La guerra di Mattarella
Il presidente della repubblica Sergio Mattarella nel suo discorso di fine anno, fra altre frasi di circostanza, chiama al voto i diciottenni. Mattarella, probabilmente consapevole dell’elevato numero di giovani sfiduciati dalla politica istituzionale, nel suo discorso di fine anno ci ha tenuto a ricordare ai diciottenni di partecipare alle elezioni. “I vostri coetanei 100 anni fa erano in guerra e voi state andando al voto e vivendo il più lungo periodo di pace dell’Italia”.
Insomma, il presidente della Repubblica inaugura le danze della moralizzazione dei giovani: i giovani devono andare votare per dovere civico e ricordarsi che sono fortunati a non essere sulle trincee.
Una preoccupazione ben riposta verso la diserzione giovanile delle urne. Ieri i sondaggisti de La Stampa gli facevano eco preoccupati: il 70% dei giovani non pensa di andare a votare.
Ma il vecchio Sergio si sarà mai veramente chiesto il motivo per cui i giovani non vanno a votare? Forse sì, e la risposta che si è dato la rispolvera anche nel suo discorso. “I giovani vivono nella trappola dell’eterno presente che oscura l’avvenire”. Il solito discorso da vecchi tromboni. Lo stesso discorso che ci ha in passato definiti, con un consenso degno della migliore concordia istituzionale, “choosy”, “bamboccioni” o “pistola”.
I giovani al futuro ci pensano anche troppo. Tra stage gratuiti, tirocini infiniti ed “esperienze-che-fanno-curriculum” vivono letteralmente proiettati nel futuro e sacrificano ogni giorno il proprio presente per avere un briciolo di garanzia che sapranno almeno come campare. Nel frattempo i governi masticano formule contro la disoccupazione giovanile come un vecchio chewing-gum indurito: la disoccupazione giovanile in Italia è al 35,1%.
Avanziamo un’idea al caro Sergio: e se a non far andare al voto i giovani non fosse il disinteresse ma la consapevolezza della natura falsa e ipocrita di questa politica? Della fondamentale inutilità del voto davanti a politiche che si susseguono sempre identiche? Della percezione il teatrino a cui partecipano tutti, da Casa pound al PD, non siano altro che una messinscena per contendersi i soldi dell’incasso e un palcoscenico vuoto?

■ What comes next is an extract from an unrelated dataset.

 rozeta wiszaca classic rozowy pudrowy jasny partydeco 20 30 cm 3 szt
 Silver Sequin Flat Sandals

Qualche giorno fa è stato firmato lo scioglimento delle Camere e del Senato con il più alto tasso di trasformismo di sempre. Ci sono stati 528 cambi di gruppo parlamentare da parte 339 parlamentari.
Anche quando c’è stata una presa di posizione forte come all’ultimo referendum costituzionale, in cui sono stati per la maggioranza proprio i giovani che hanno votato No, ci si è ritrovati con un governo formato dagli stessi ministri del governo precedente e ora ci si ritrova Renzi candidato Premier.

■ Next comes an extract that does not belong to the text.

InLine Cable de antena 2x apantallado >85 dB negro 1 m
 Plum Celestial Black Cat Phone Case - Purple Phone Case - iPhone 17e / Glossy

Queste persone, ma cosa ne sanno dei giovani, di quello con cui ci tocca vivere ogni giorno? Eppure siamo sempre noi: abbiamo esuberi di qualifiche che non sappiamo neanche dove metterle, fuggiamo dall’Italia con la speranza di trovare qualcosa di meglio, sogniamo un reddito e l’autonomia dalle nostre famiglie, sogniamo la possibilità di scegliere cosa fare, sogniamo le ferie e una borsa di studio per l’università e per ogni cosa dobbiamo ringraziare. Dobbiamo ringraziare, è quello che sottintende anche il presidente Mattarella. Ma per cosa dovremmo ringraziare? E noi saremmo quelli che non sono proiettati nel futuro?
Ormai nessun politico si preoccupa più neanche di fare ai giovani qualche promessa elettorale che poi non rispetterà. In Italia la popolazione è così vecchia che non sarà qualche migliaio di giovani a garantirgli una poltrona politica.

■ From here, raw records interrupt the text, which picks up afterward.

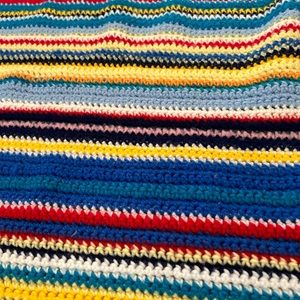 bright blue, yellow, white handmade crochet throw, blanket with fringes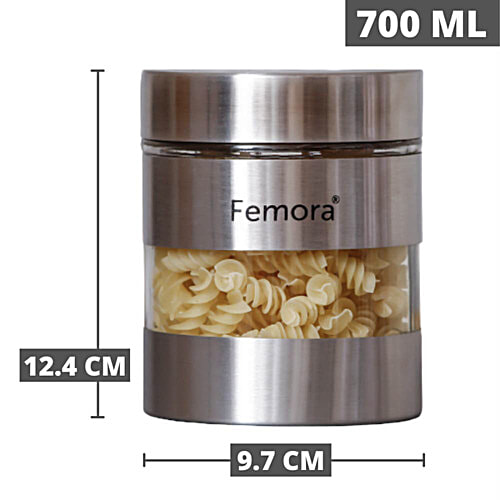 Buy Femora Kitchen Storage Jar Metallic Clear Glass,For Storing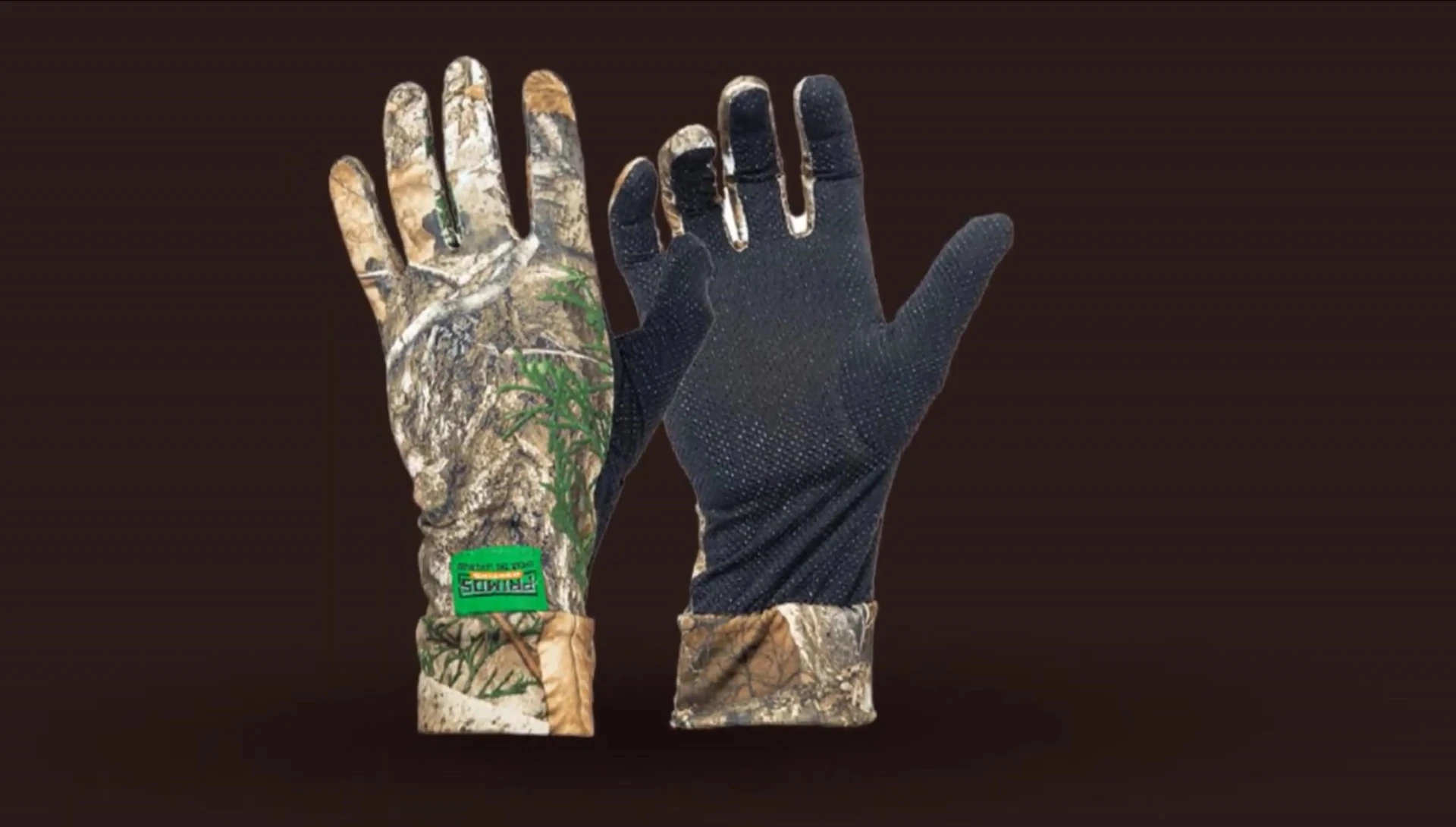 Close-up highlighting the stretchable fabric of the gloves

Da parte nostra, nessuna nostalgia, nessuno ode alla partecipazione, nessun appello all’inclusione. La (loro) politica oggi è marcia e il fatto che i giovani se ne tengano alla larga rappresenta il sintomo di una minima presenza al mondo, una minima igiene generazionale. Non è anche il riflesso del disimpegno? Certo ma non contate sui di noi per moralizzare i nostri coetanei di preferire all’urna il leggere un libro, guardarsi una serie o anche solo andarsi a ubriacare con gli amici per riprendersi un po’ di tempo libero (e magari staccare un po’ dal “futuro”).
Qui fuori ci sono generazioni intere che cercano una nuova maniera di stare al mondo perché gli è stata levata la possibilità di stare nel vecchio. Il cambiamento, se ci sarà, sarà politico. Ma non passerà dalla politica.
Di ricordarci che a diciotto anni si può votare è il poco che avevano da dire giusto per non restare in silenzio.